### WORK TASK
The entries below contain pictures, which are to be left out; write out exactly, and only, the lines from the line with "Patterned Orange Gold" up to and including the line with "VONN Artisan Como16".

### INPUT FOR THIS TASK
------------------------------------------------

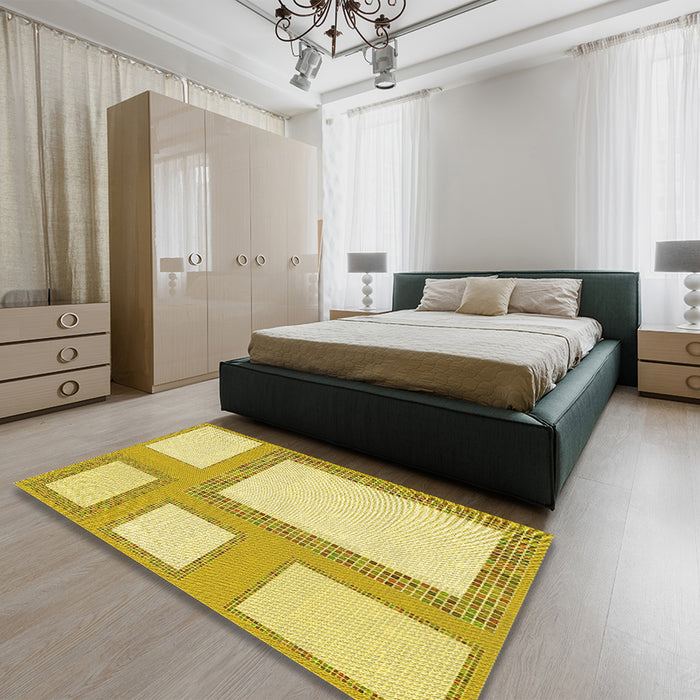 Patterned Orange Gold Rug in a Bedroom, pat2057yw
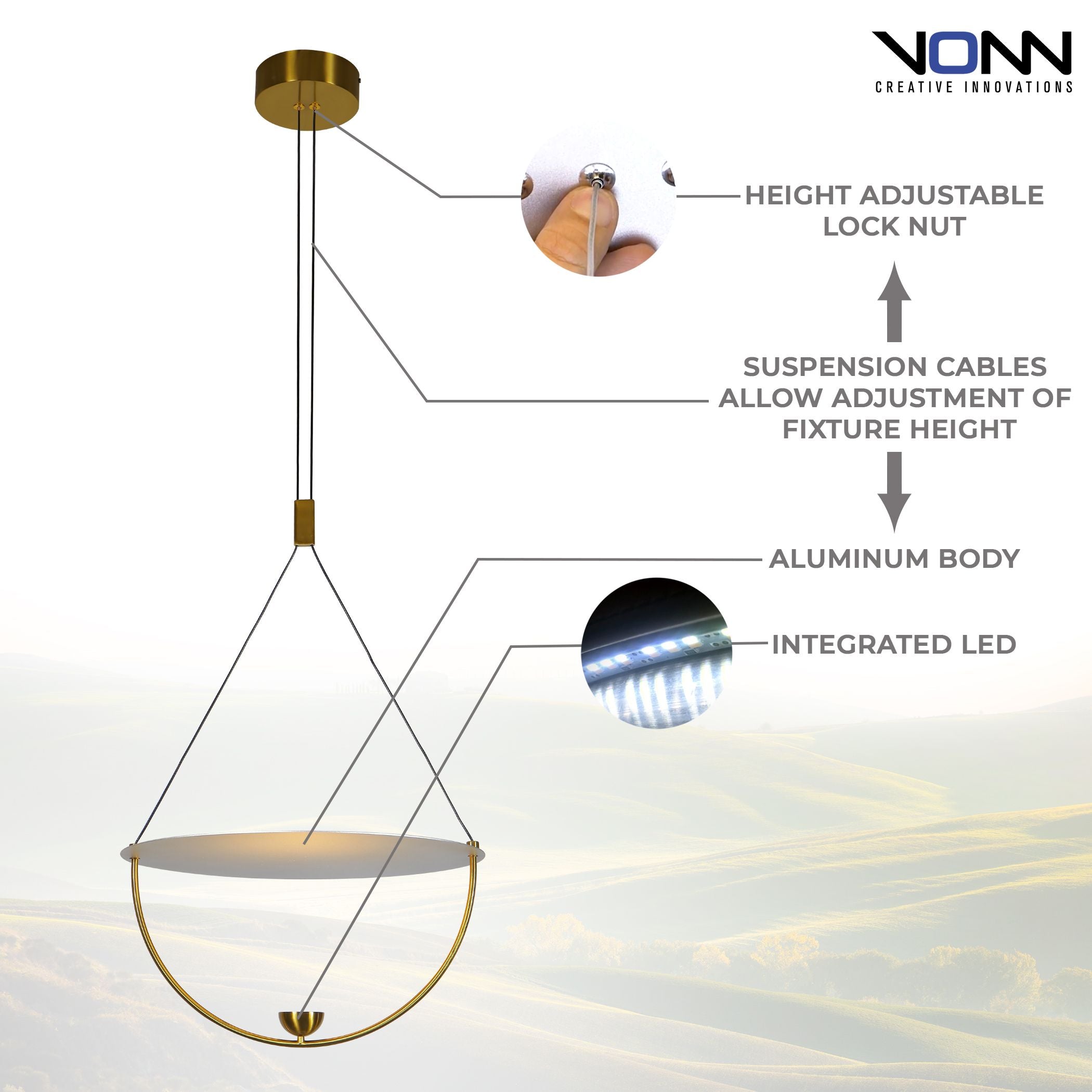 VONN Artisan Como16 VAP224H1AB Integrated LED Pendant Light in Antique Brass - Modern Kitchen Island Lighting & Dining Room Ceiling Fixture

------------------------------------------------

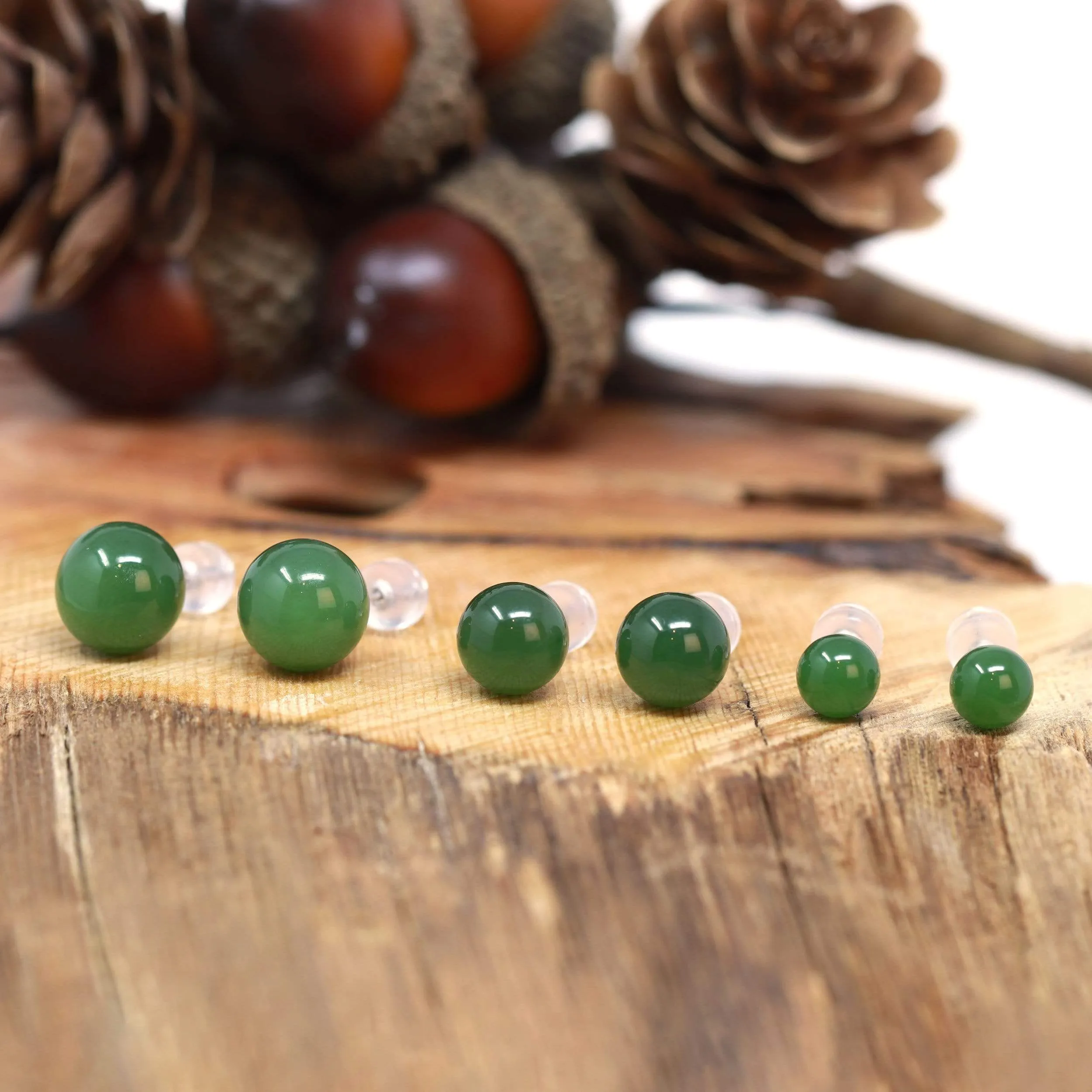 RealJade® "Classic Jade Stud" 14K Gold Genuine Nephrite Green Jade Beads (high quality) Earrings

------------------------------------------------

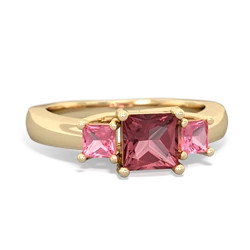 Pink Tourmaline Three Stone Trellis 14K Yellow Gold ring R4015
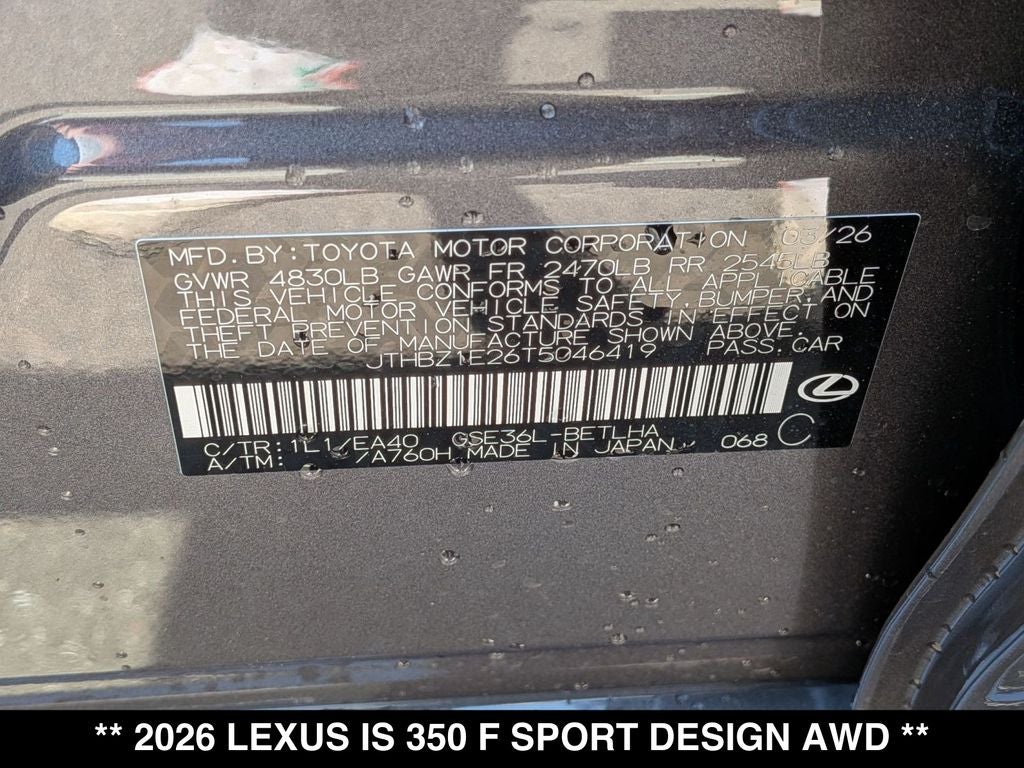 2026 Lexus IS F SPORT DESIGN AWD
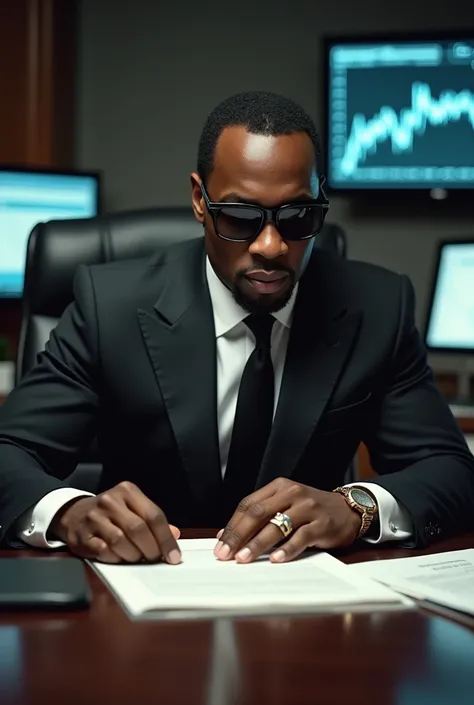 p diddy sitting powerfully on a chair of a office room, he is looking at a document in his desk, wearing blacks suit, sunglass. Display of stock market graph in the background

------------------------------------------------

### SOLUTION TO THIS EXERCISE
 Patterned Orange Gold Rug in a Bedroom, pat2057yw
 VONN Artisan Como16 VAP224H1AB Integrated LED Pendant Light in Antique Brass - Modern Kitchen Island Lighting & Dining Room Ceiling Fixture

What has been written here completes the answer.